* Raw data *
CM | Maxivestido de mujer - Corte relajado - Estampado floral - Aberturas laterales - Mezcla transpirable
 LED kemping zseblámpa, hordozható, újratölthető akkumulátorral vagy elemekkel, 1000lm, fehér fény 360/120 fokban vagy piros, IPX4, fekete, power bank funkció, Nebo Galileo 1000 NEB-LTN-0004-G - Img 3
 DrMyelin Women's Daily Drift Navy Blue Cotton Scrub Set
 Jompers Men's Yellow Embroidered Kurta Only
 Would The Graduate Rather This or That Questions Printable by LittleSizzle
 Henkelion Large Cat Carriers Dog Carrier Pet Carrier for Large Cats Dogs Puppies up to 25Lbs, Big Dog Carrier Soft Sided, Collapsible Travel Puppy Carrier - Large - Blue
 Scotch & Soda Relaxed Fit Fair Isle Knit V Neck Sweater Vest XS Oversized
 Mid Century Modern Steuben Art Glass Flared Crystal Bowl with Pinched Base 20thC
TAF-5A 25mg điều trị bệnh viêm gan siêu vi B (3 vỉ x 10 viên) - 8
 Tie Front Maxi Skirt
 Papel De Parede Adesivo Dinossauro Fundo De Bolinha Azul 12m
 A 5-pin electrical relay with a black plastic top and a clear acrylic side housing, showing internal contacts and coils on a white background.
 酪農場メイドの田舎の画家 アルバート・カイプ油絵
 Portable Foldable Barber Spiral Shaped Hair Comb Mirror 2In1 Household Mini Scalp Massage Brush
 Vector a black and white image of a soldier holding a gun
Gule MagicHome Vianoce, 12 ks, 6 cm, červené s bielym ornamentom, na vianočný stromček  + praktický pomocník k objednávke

* What the task requires *
Tally every line of the entries that contains the word "black", and respond with that number only.

* Output of the exercise *
2